The users we are targeting are researchers, academics, undergraduates, postgraduates, definitely high-end users who know how to code and use HPC environments but still want to share their work. Big data users

05:21

will be included as well. And of course to help with collaboration there should be some useful opportunities to collaborate with proper software engineers as well to optimize your code, help with coding or even produce new third-party products on top of Ecogab. The opportunities there of course research, science,

05:52

the ability to publish your code on models you're developing along with your data you've used, various workshops, software carpentry, data carpentry, provide resources to run curriculums

06:06

and over the research community.
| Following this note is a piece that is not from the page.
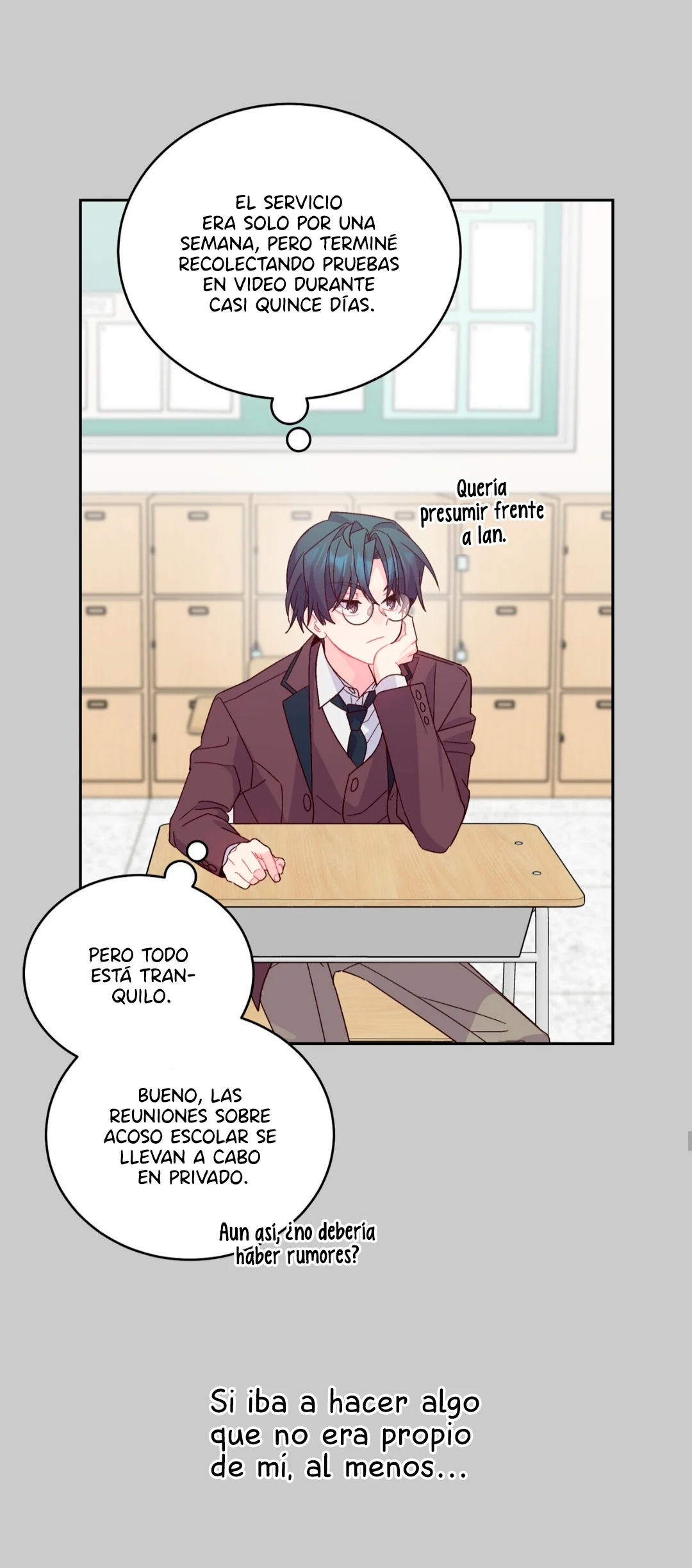 Página 43 del Manga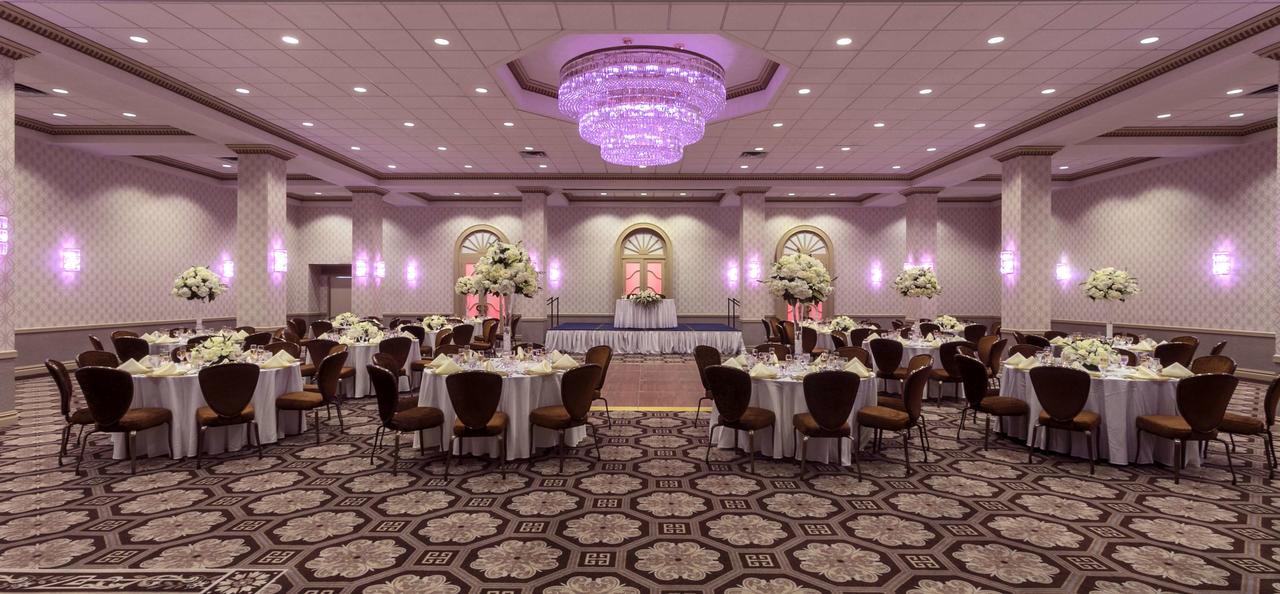 Best Western Plus Robert Treat - thumb 29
So on the technical side there are being three components developed. So the EcoCloud Drive, that's your

06:22

easy cloud managed online storage for code, scripts, small data sets that will always be there. So even if everything crashes next time you come in your last piece of work is still available. The EcoCloud Explorer which we hope will increase

06:41

our help with data discovery and access will mostly be powered by CSIRO knowledge network and our work there will be to provide help with using the actual data through for instance providing code snippets. And of course there will be the compute side of it.

07:01

So at the moment we have opted for providing Jupyter notebooks with R, Python and RStudio already available and also access to virtual desktop tools at the moment provided by COSRO which is a turn project. Three minutes Gerhard. Sorry, yeah, three.

07:22

So our big architecture is sort of a user comes in there will be a dashboard from which you can access everything. There's a separate centralized user management. So all services are independent, you don't know about the users, but they use this user management service to identify and get access to various things.

07:44

From there on you can publish clone scripts from other users, find out scripts, browse through examples how to use various data stores or use certain processing. You can explore data, try to get the data in in an easy way.

08:03

Start a new project that essentially gives you your compute environment to pick whatever you want. R, Python, virtual desktop and use the tools that are available there. These environments are usually also customizable so you can install your own software as well.

08:25

And our tech stack it's a fully it's a microservice architecture fully OpenID Connected and OAuth2 enabled so all APIs that will be offered and are available will also be accessible through third party systems.

08:42

Our development itself is mostly in Python and JavaScript. It's been designed to be horizontally scalable because that's just easier. Vertical scalability is still there, but there are challenges with resource allocations sometimes. And the whole system also allows to go multi-node, multi-cloud

09:06

with the work. And the way we have built it up is at the bottom there's of course OpenStack provided by Connected Cloud with all the services we are using. The Greybox, Sahara, Nokia and Trove we are currently not using but certainly looking into it how we can make them useful to our users.

09:26

On top of that, the whole OpenStack infrastructure is managed by Kubernetes which takes care of orchestration, security, all sorts of monitoring and due to that we can do wire Kubernetes, we can up-scale everything.

09:44

Kubernetes itself orchestrates everything that runs within EcoCloud. So there's our the Jupyter notebooks, there will be web processing services, positive web UI, the various tools we developed that provide APIs

10:02

and Coursera Virtual Desktop sits a bit outside of it, but will seamlessly integrate with the EcoCloud. And all the work we are deploying here and that's running within the EcoCloud allows you also to access external services. At the moment we are

10:23

integrating, we're providing tight integration with Knowledge Network, various data services like data.graph.au and other things. CloudStories as mentioned before, your Google Drive, your Dropbox and external web processing services that would be of high interest for us just to offload data transfer and compute services.

10:46

And that's pretty much it for me. Thank you very much. Okay. Thank you.